*** Opening WORKING DATA ***

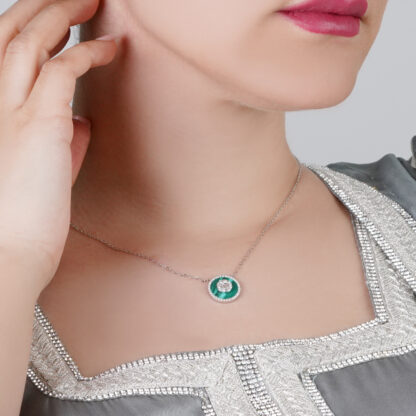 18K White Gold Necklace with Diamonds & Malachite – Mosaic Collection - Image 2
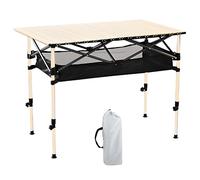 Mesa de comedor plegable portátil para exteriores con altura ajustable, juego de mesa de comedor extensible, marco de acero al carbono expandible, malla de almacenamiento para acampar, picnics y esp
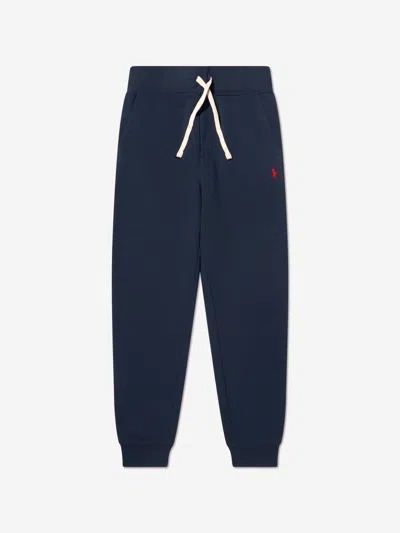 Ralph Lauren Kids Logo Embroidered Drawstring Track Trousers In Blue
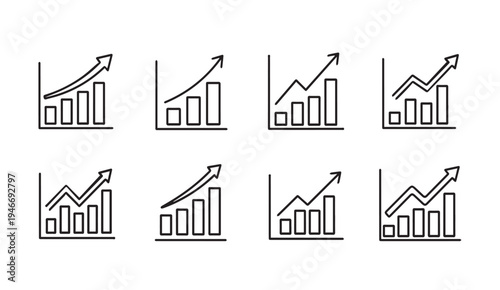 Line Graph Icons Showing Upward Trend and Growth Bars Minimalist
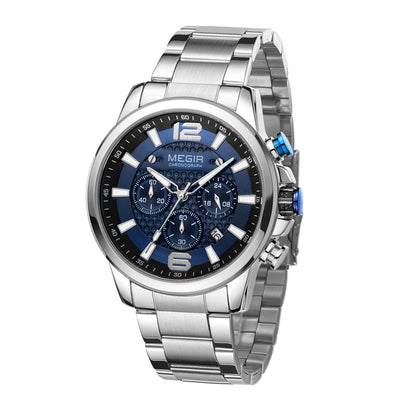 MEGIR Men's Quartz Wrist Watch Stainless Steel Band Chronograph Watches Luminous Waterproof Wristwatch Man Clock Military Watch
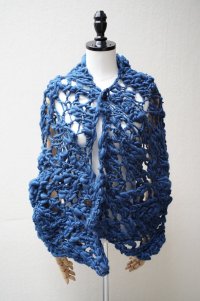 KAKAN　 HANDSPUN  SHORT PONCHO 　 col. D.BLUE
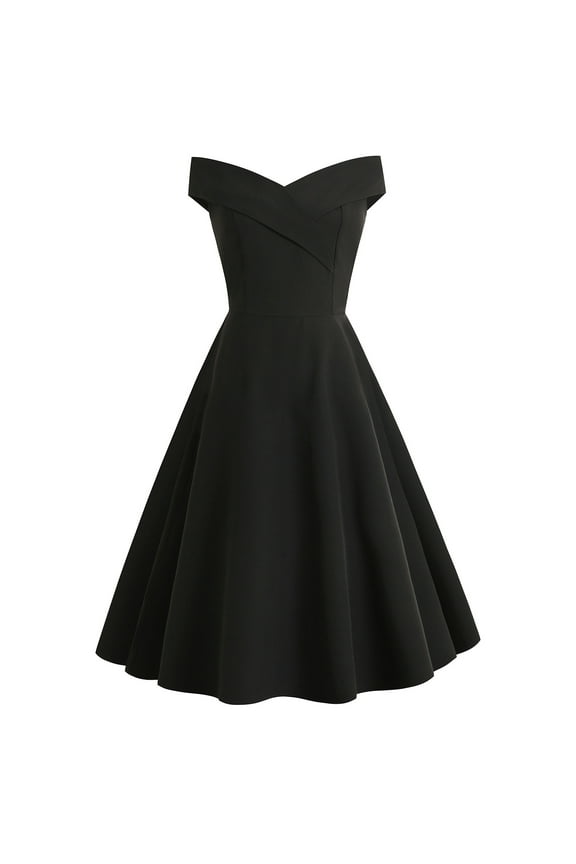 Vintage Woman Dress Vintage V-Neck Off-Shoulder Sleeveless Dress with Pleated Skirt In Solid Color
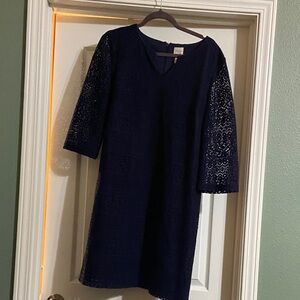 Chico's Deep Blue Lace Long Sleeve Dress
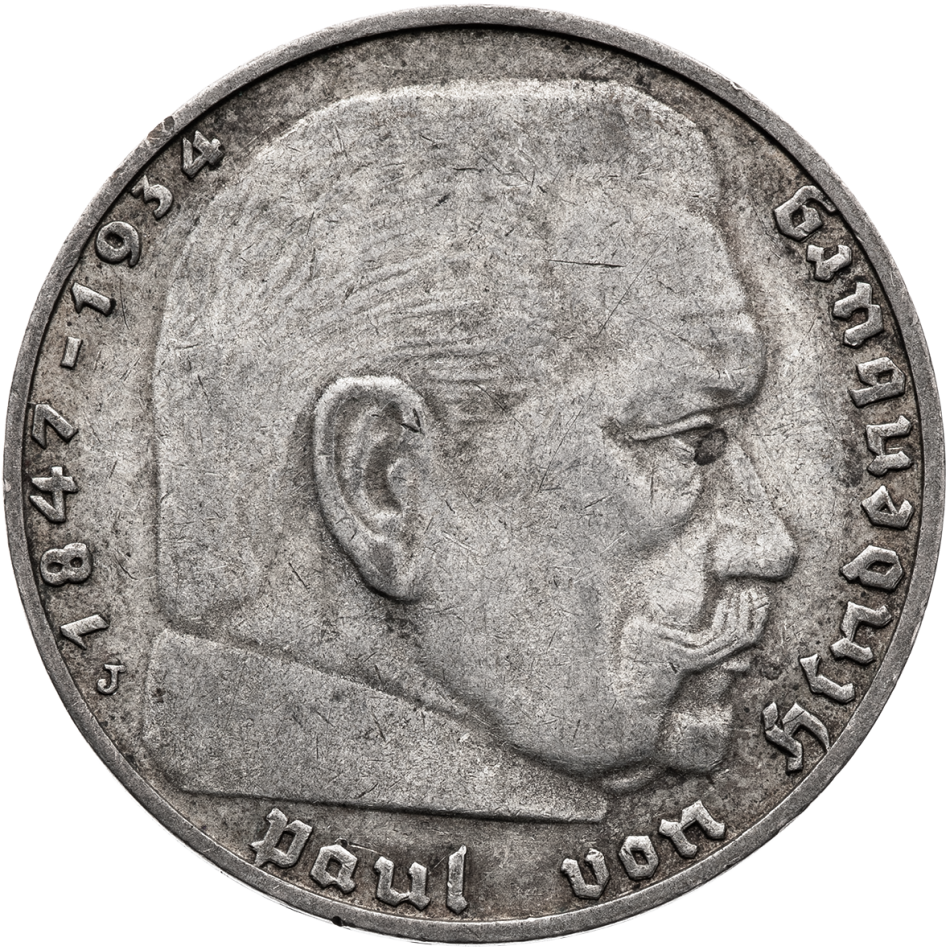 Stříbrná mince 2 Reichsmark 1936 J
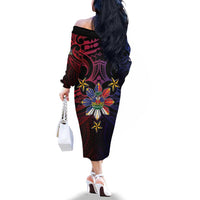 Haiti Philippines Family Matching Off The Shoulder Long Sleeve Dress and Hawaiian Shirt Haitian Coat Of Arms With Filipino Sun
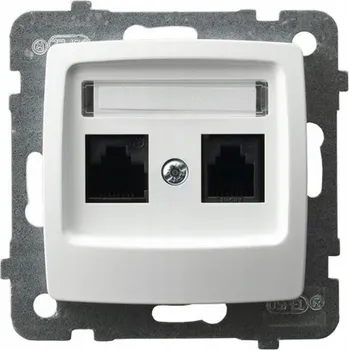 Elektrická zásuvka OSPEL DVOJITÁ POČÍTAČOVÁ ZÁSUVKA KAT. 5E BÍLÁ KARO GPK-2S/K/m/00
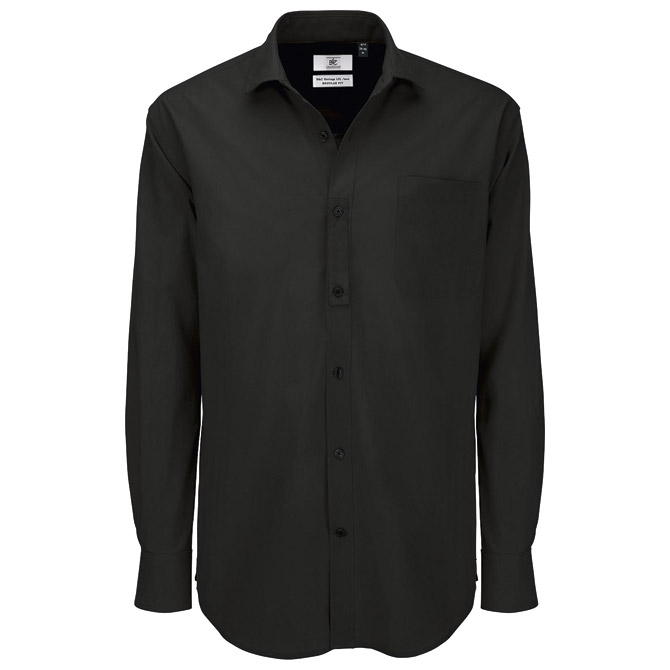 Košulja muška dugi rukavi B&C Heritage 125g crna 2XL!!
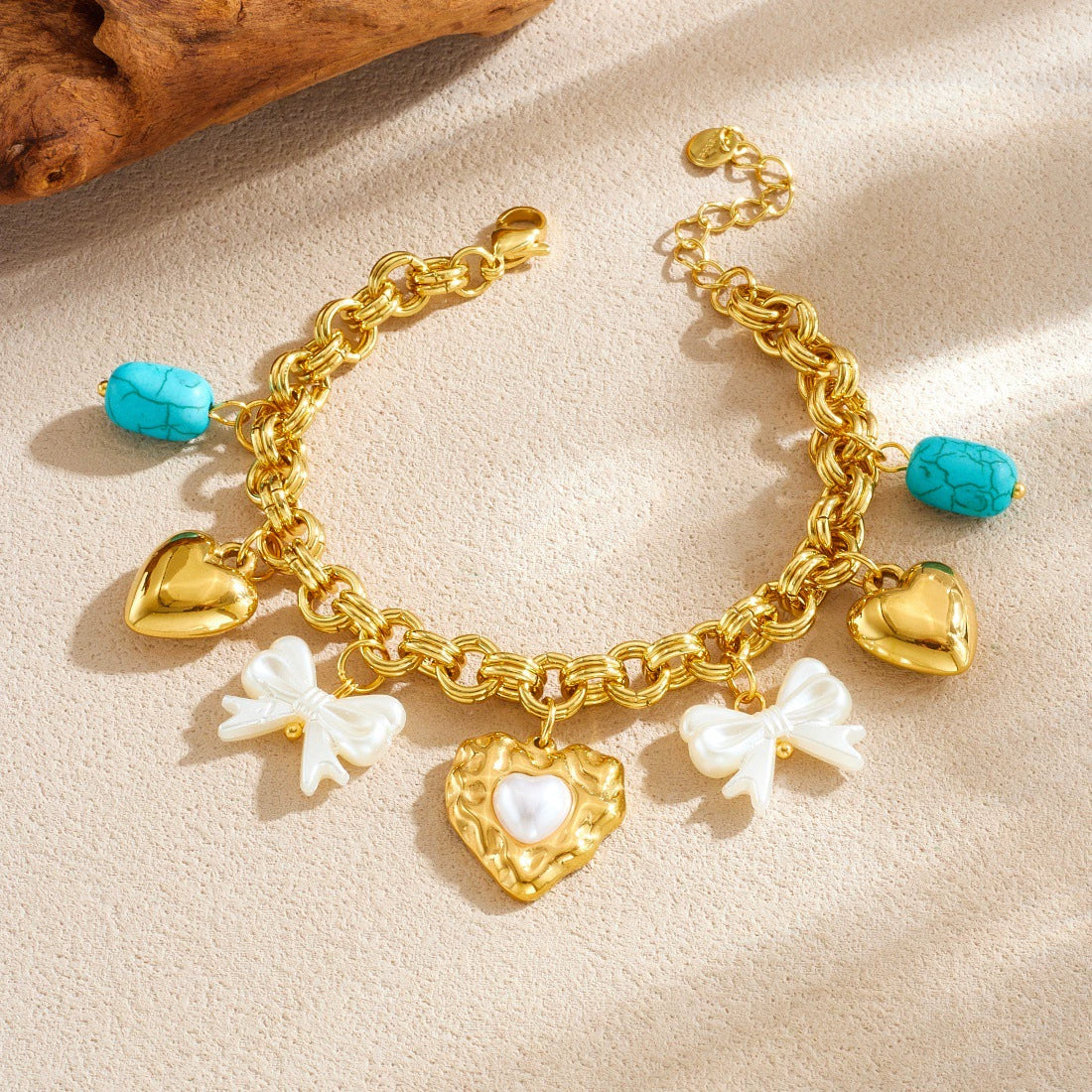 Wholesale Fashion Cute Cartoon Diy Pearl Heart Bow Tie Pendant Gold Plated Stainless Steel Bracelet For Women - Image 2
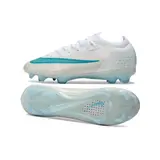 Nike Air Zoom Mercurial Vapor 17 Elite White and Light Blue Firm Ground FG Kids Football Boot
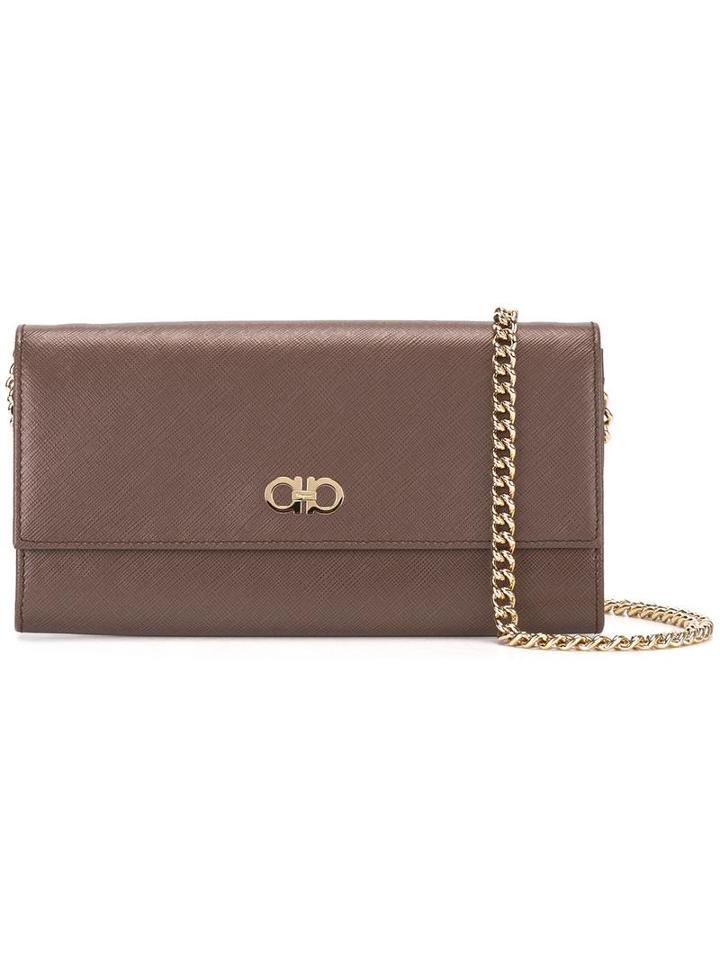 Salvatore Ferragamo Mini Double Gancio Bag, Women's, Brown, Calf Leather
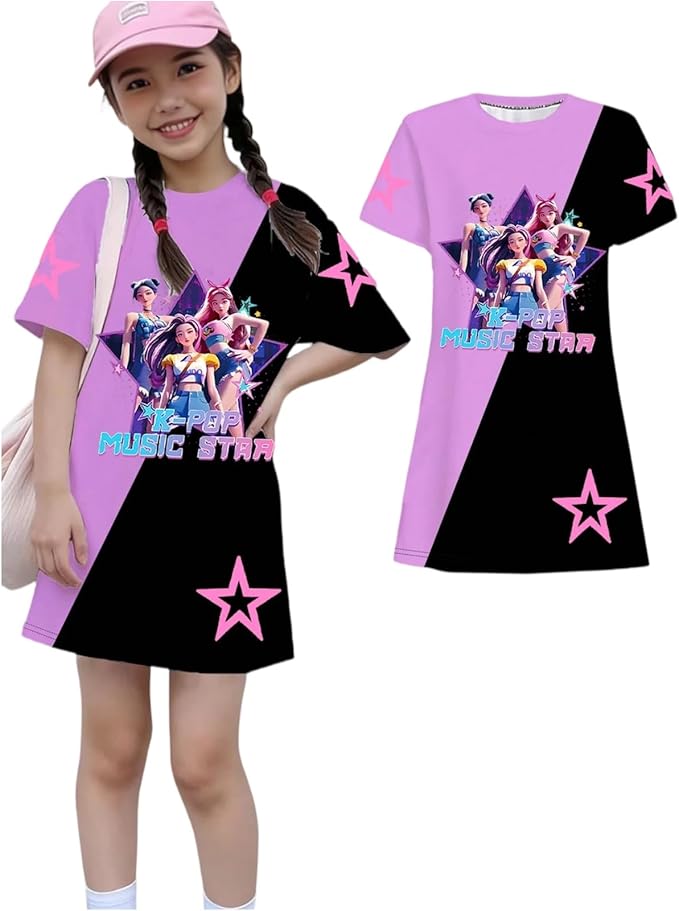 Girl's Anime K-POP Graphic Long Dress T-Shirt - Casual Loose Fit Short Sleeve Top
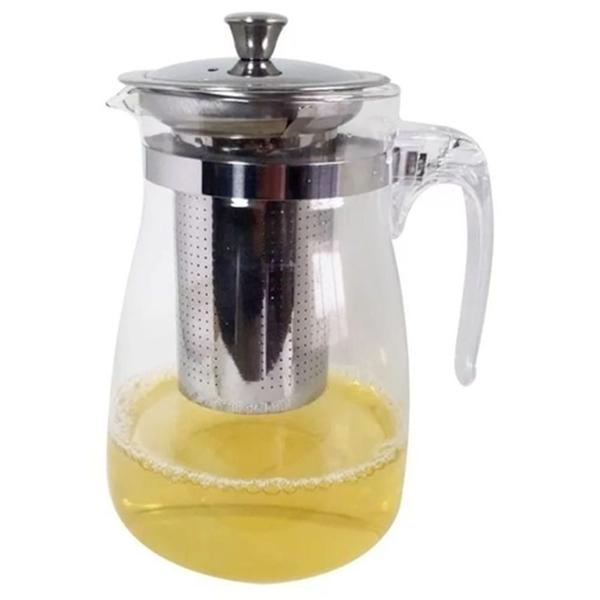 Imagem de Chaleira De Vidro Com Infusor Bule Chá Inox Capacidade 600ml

*** Closing WORKING DATA ***

### TASK BRIEF
Leaving out the images, return the entries above exactly as they read.

### SOLUTION TO THE EXERCISE
 18K White Gold Necklace with Diamonds & Malachite – Mosaic Collection - Image 2
 Mesa de comedor plegable portátil para exteriores con altura ajustable, juego de mesa de comedor extensible, marco de acero al carbono expandible, malla de almacenamiento para acampar, picnics y esp
 Ralph Lauren Kids Logo Embroidered Drawstring Track Trousers In Blue
 Line Graph Icons Showing Upward Trend and Growth Bars Minimalist
 MEGIR Men's Quartz Wrist Watch Stainless Steel Band Chronograph Watches Luminous Waterproof Wristwatch Man Clock Military Watch
 KAKAN　 HANDSPUN  SHORT PONCHO 　 col. D.BLUE
 Vintage Woman Dress Vintage V-Neck Off-Shoulder Sleeveless Dress with Pleated Skirt In Solid Color
 Chico's Deep Blue Lace Long Sleeve Dress
 Stříbrná mince 2 Reichsmark 1936 J
 Haiti Philippines Family Matching Off The Shoulder Long Sleeve Dress and Hawaiian Shirt Haitian Coat Of Arms With Filipino Sun
 Elektrická zásuvka OSPEL DVOJITÁ POČÍTAČOVÁ ZÁSUVKA KAT. 5E BÍLÁ KARO GPK-2S/K/m/00
 Košulja muška dugi rukavi B&C Heritage 125g crna 2XL!!
 Wholesale Fashion Cute Cartoon Diy Pearl Heart Bow Tie Pendant Gold Plated Stainless Steel Bracelet For Women - Image 2
 Nike Air Zoom Mercurial Vapor 17 Elite White and Light Blue Firm Ground FG Kids Football Boot
 Salvatore Ferragamo Mini Double Gancio Bag, Women's, Brown, Calf Leather
 Girl's Anime K-POP Graphic Long Dress T-Shirt - Casual Loose Fit Short Sleeve Top
 Imagem de Chaleira De Vidro Com Infusor Bule Chá Inox Capacidade 600ml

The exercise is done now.